Photos and Text by Caridad
HAVANA TIMES, June 19 – I’d already heard that the Cuban duo was well-liked by the public in this country of tangled mountains and great rivers. But as I approached the Teresa Carreño Theater recently, it was confirmed by me that a wide section of Venezuelan music lovers avidly follows the songs of the two Guantanamo natives.
A young woman who was hugging her boyfriend looked at me smiling when I asked her why she had come to see these folk musicians. She replied, “I’m a follower of the “canción protesta” (the protest song genre), and Cubans know a lot about that.”
Her boyfriend, who stopped hugging her because of my curiosity, added, “I don’t like singers that only praise revolution, because that does no good for any social movement, or for the public that listens to them.”
One woman, who looked more than sixty, wanted to give me her opinion, “because those guys know how to touch people’s hearts; plus their music is lively, so people don’t fall asleep while listening to them.”
Near the entrance was a group of youths who were protesting because they hadn’t gotten any of the tickets that had been given out free.

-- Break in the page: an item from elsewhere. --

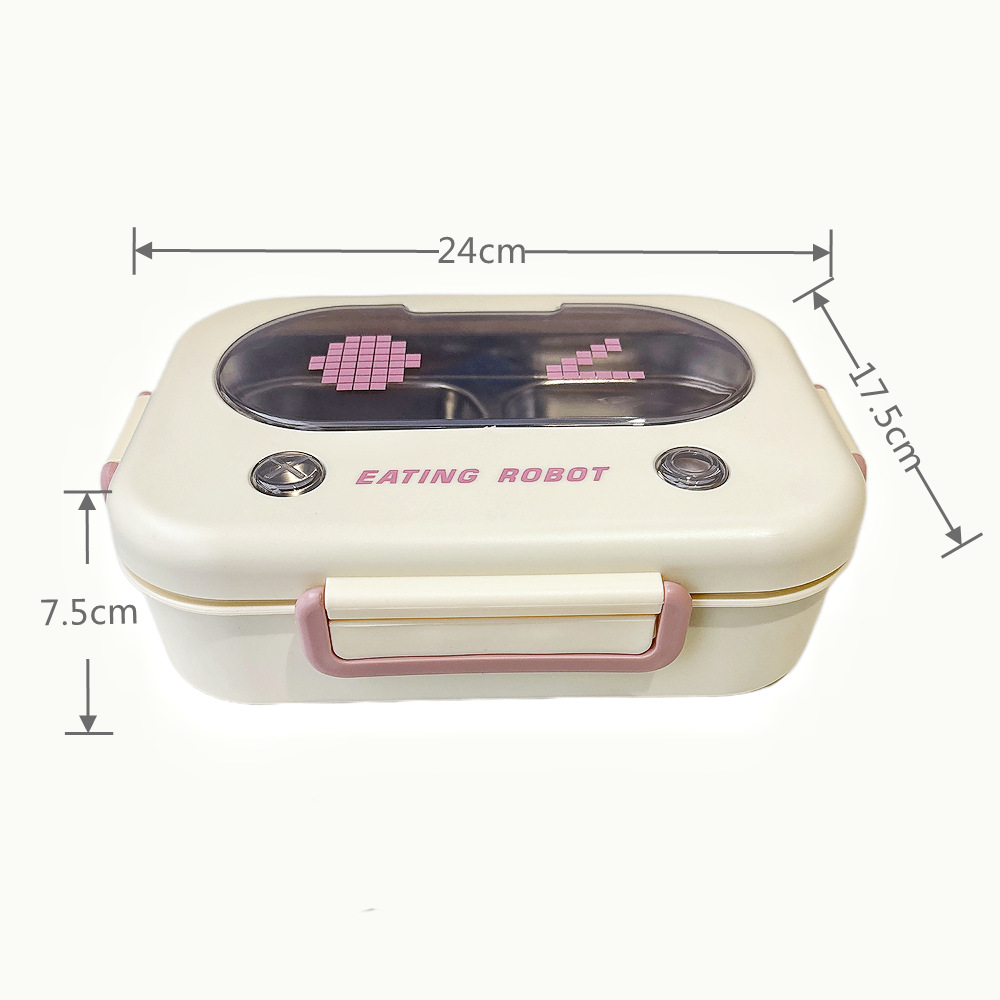 Meal Prep Lunch Boxes - Thermische Bento Box Roestvrijstalen lunchcontainer Lekvrije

Nonetheless, they still wanted to hear the Cubans, as well as the Dame Pa Matala (a group that I’ll speak about next time). “Those singers don’t mince their words,” one of the youth told me, “but what they sing they do with poetry, with sincerity, and that’s appreciated a lot in these times of reggaeton and demagogic propaganda.”
Several children were running through the theater’s enormous corridor, but when the concert began, they were directed to their seats like everyone else. However, they didn’t sit down, because the emotion of listening to songs like Catalejo, Déjame Entrar and No juegues con mi soledad compelled them to remain standing and to chant with the same emotion as the Cuban duo, song after song, as if these had been composed in Venezuela.
Conclusively, the Venezuelans continued reaffirming to me that we’re remarkably similar peoples and that we both like lyrics that say something that makes us think, that speak of love and respect, and that are not afraid of censorship.